La réforme du droit des contrats et des obligations est applicable depuis le 1er octobre 2016. Elle simplifie le formalisme à effectuer pour rendre opposable la cession du bail rural.

Rappel du principe d’interdiction de la cession du bail

Les grandes caractéristiques du bail rural sont inchangées : la cession du bail reste prohibée par le statut du fermage. Cette disposition étant d’ordre public, les parties ne peuvent pas valablement convenir d’une cession de bail.

Toute cession du bail réalisée en violation de cette interdiction est nulle et encourt la sanction suprême : la résiliation du bail.

L’exception à l’interdiction : la cession du bail dans le cadre familial

En application des dispositions du code rural, le preneur a la possibilité de céder son bail, sous certaines conditions, à son conjoint, à son partenaire de PACS ou à ses descendants.

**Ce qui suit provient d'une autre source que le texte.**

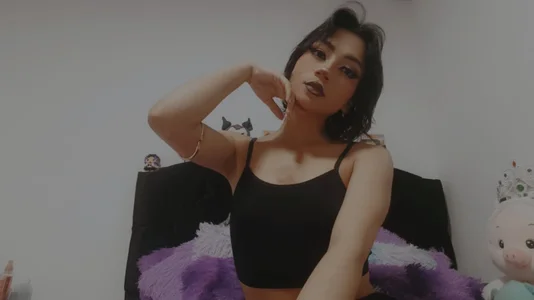 henutmire_ross uwu - {count, plural, one {תמונה אחת} two {שתי תמונות} many {# תמונות} other {# תמונות}}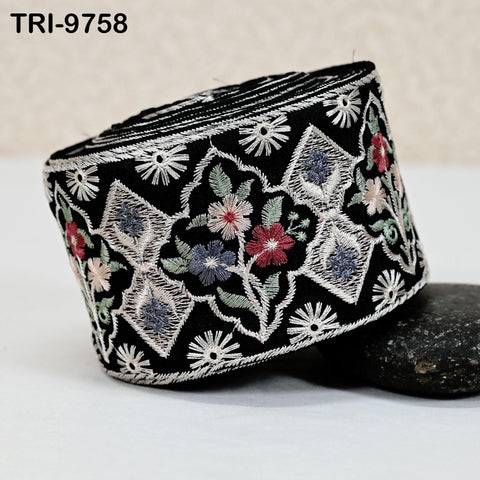 9 Yard Indian Trims Embroidered Decorative Fabric Laces Sari Border Ribbon Home Decor Sewing Accessory DIY Crafting Victorian Handbags 8cm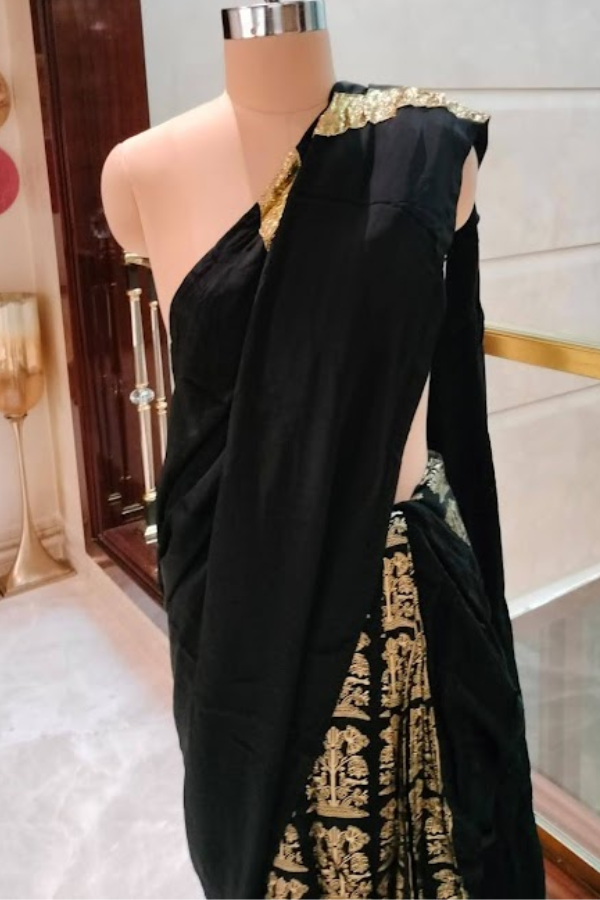 Masaba Black Bunch Of Birds Crinkle Gota Sari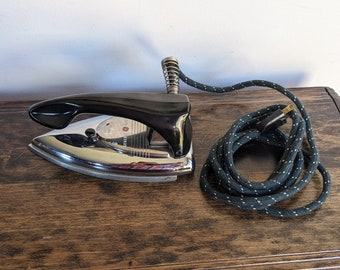 Vintage GE travel iron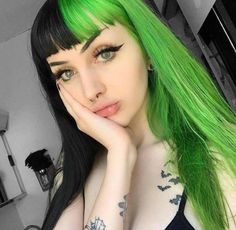 22" BLACK & GREEN SPLIT DYE  Full Cap WIG *NEW* Half black half GREEN ARRIVES NEW  ✖️Straight texture as shown ✖️ Synthetic wig ✖️heat resistant on low ✖️22.5 in circumference ⭕️DYE ✅WASH Neon Hair, Green Wig, Short Hair Color, Hair Color Dark, Hair Inspo Color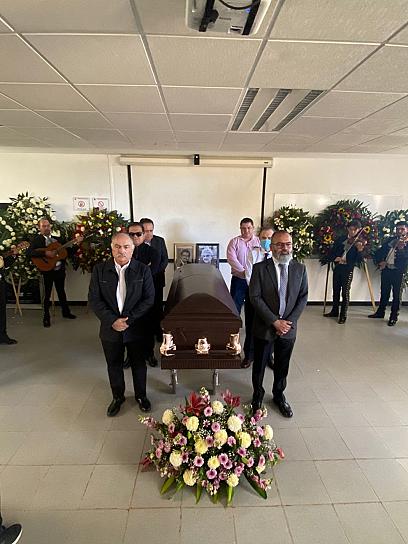 RINDE LA UAZ HOMENAJE PÓSTUMO A EX DIRECTOR DE VETERINARIA 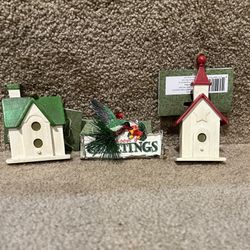 Target  Feathered Friends Birds Hummingbird & 2 wooden birdhouse set of 3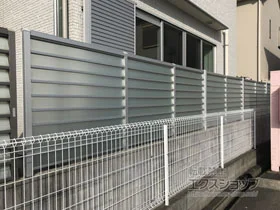 LIXIL(リクシル)のフェンス・柵 サニーブリーズフェンスS型 間仕切りタイプ 施工例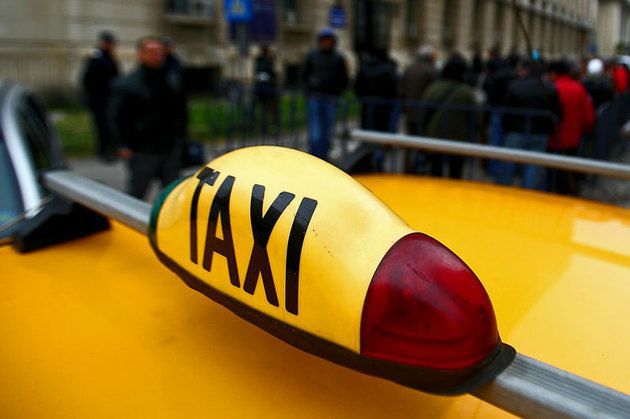 Un bărbat de 31 de ani, locuitor al raionului Glodeni, a fost reţinut de poliţişti, fiind suspectat că ar fi atacat un taximetrist.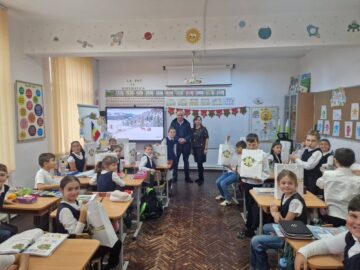 Aproape 600 de pachete au fost împărțite de primarul din Dărmănești copiilor din comună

La cession du bail au conjoint ou partenaire d’un PACS est possible uniquement si le bénéficiaire participe à l’exploitation de façon régulière.

La cession du bail aux descendants n’est pas soumise à cette condition de participation.

Quels descendants sont éligibles à cette cession de bail ? Et bien ce sont les descendants au sens strict : les enfants et les petits enfants. Par conséquent, un gendre, un fils d’un premier lit du conjoint du preneur ne sont pas des candidats éligibles pour la cession du bail.

Pour mettre en œuvre une cession de bail au profit des personnes sus visées, le preneur doit obligatoirement obtenir au préalable l’autorisation du bailleur ou du tribunal paritaire des baux ruraux.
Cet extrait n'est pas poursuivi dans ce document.